- [Brief]: In the records below, the line with "Email: chooper714@aol.com" and every line after it must be written out exactly; no pictures belong in the result.

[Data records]
-------------------------
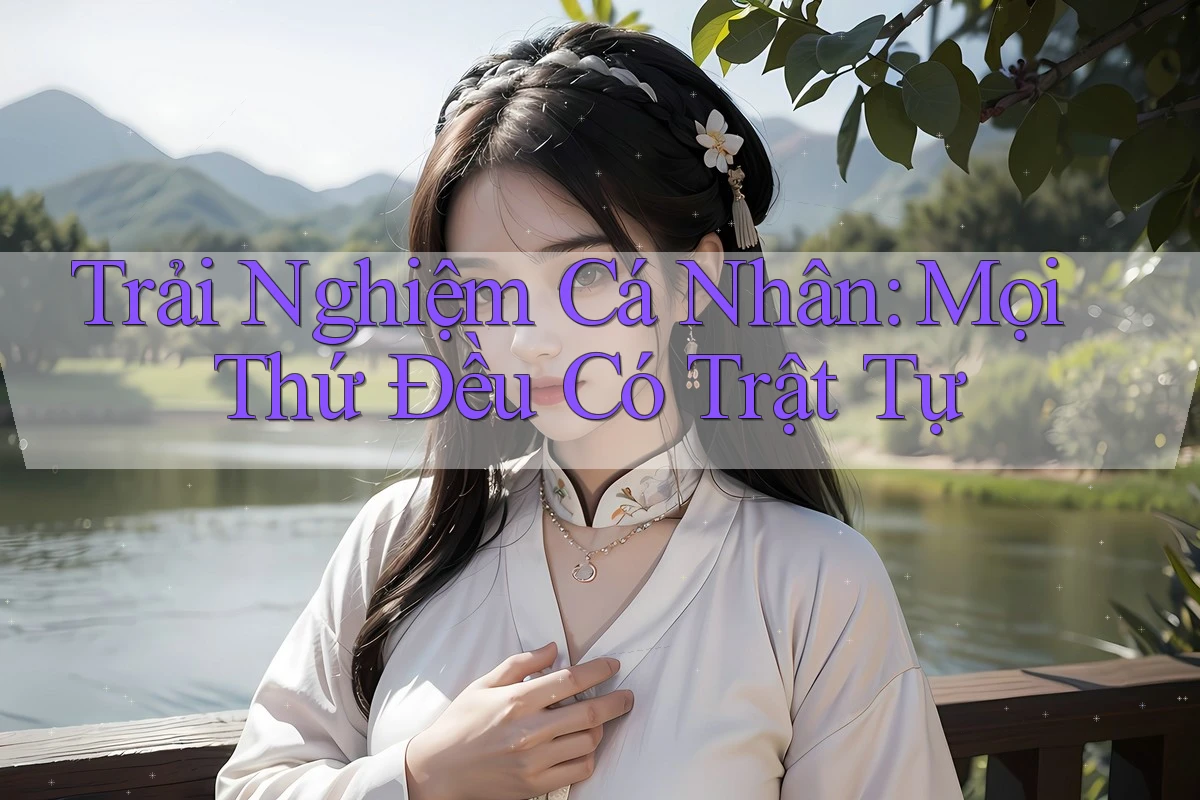 Trải Nghiệm Cá Nhân: Mọi Thứ Đều Có Trật Tự Trải Nghiệm Cá Nhân: Mọi Thứ Đều Có Trật Tự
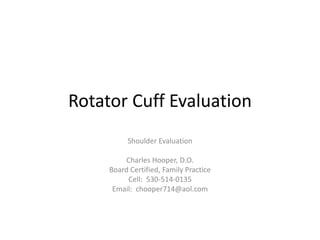 Rotator Cuff Evaluation
Shoulder Evaluation
Charles Hooper, D.O.
Board Certified, Family Practice
Cell: 530-514-0135
Email: chooper714@aol.com
 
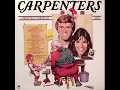 The Carpenters - The First Snowfall/Let It Snow! Let It Snow! Let It Snow!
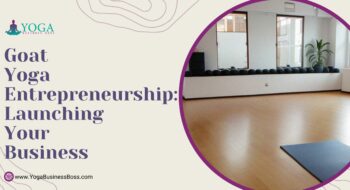 Goat Yoga Entrepreneurship: Launching Your Business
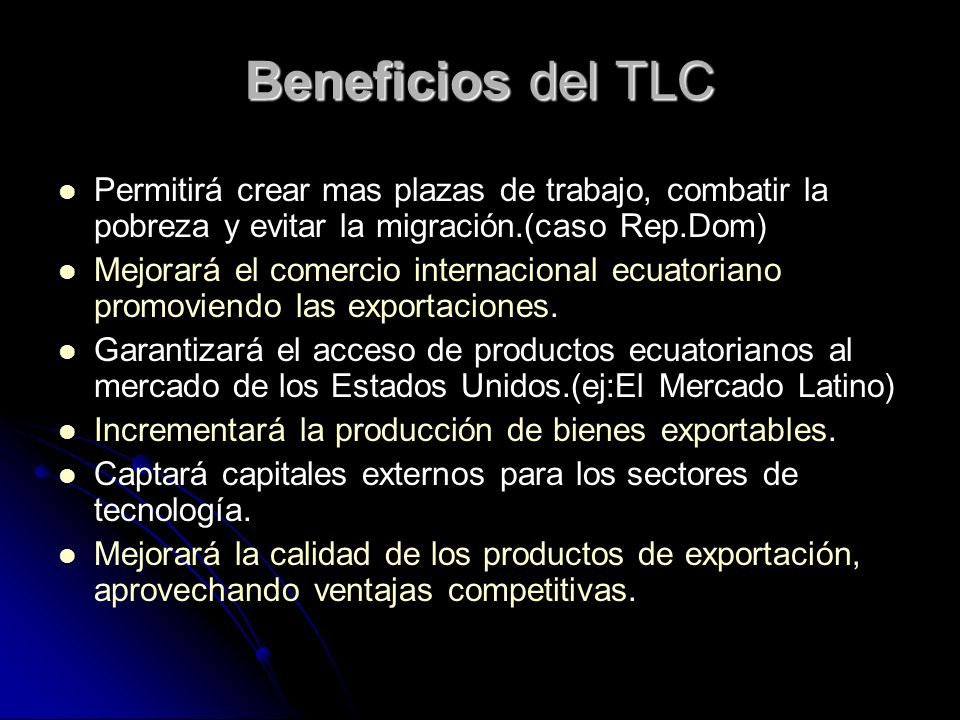 Beneficios del TLC Permitirá crear mas plazas de trabajo, combatir la pobreza y evitar la migración.(caso Rep.Dom)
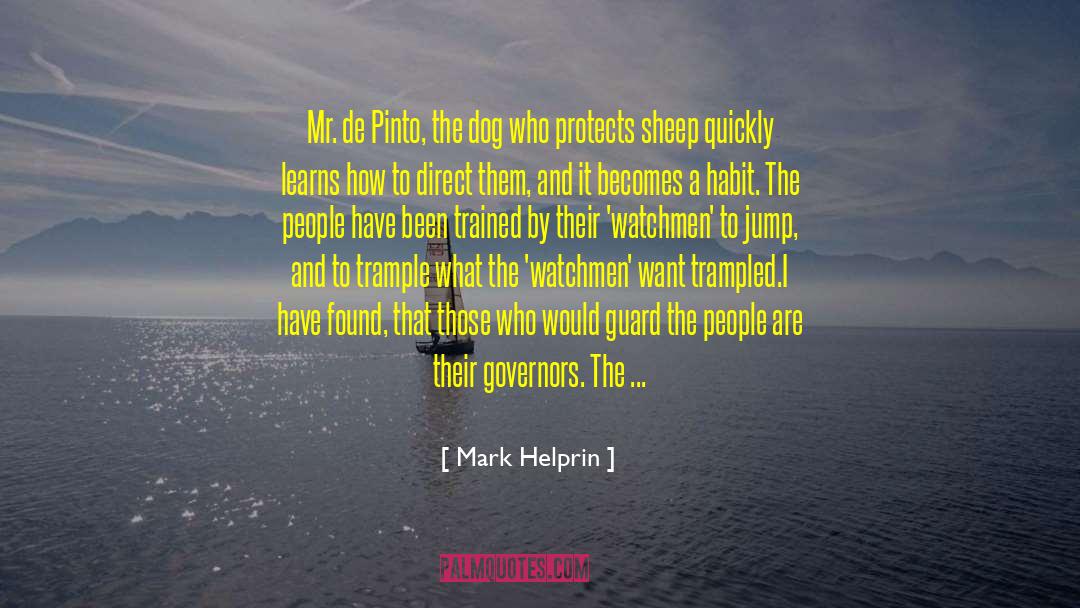 Those Who Pretend quotes by Mark Helprin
-------------------------
- [Response to the task]:
Email: chooper714@aol.com
 
 The Carpenters - The First Snowfall/Let It Snow! Let It Snow! Let It Snow!
 Goat Yoga Entrepreneurship: Launching Your Business
 Beneficios del TLC Permitirá crear mas plazas de trabajo, combatir la pobreza y evitar la migración.(caso Rep.Dom)
 Those Who Pretend quotes by Mark Helprin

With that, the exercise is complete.